Syllable structure

Acknowledgements: Natalia Chousou-Polydouri, Marine Vuillermet, David Inman

What?
Why?
Features
Results
Contributions
References

What?

Syllable structure properties of a language, including consonant phonotactics and vowel reductive patterns: - Maximal onset and coda (or word-initial and word-final) structures in number of consonants, and their sums; - Restrictions on the shape of maximal biconsonantal onsets; - Restrictions on the sonority of simple codas; - Categorical syllable complexity.

The syllable patterns considered here include only native phonotactic patterns, and exclude patterns that occur solely in recent loans (i.e., from imperial and globalizing languages).

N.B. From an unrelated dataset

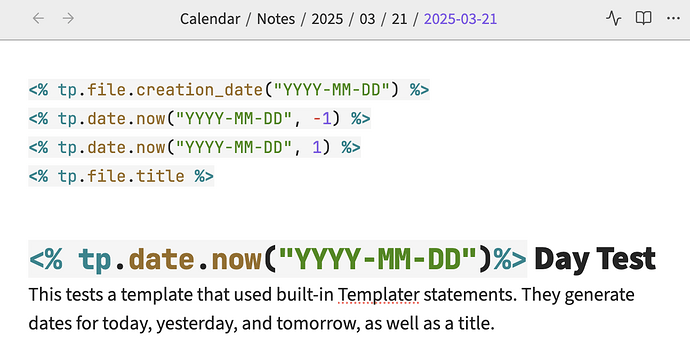 D8203918-4ED6-4E59-892F-C6189C706BDC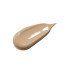Кушон зі змінним блоком Cu Skin Clean-Up Skinfit Cushion SPF 50+ PA +++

The syllable patterns considered here only include invariant patterns, not those which occur in variation with other forms as a result of vowel reduction. Thus the initial [pʰtʰ] in most American pronunciations of potato would not count as a canonical onset here, as there is a variant with an intervening reduced vowel that is considered standard and grammatical, even though it is less frequent in speech.

The coding here is blind to morphology; that is, we consider the largest onset/coda patterns in a language regardless of whether they occur within morphemes or only as a result of a morphological process. E.g., the largest codas in English are 4 consonants (texts /tɛkst-s/); we don’t care that such patterns only occur within the context of inflection.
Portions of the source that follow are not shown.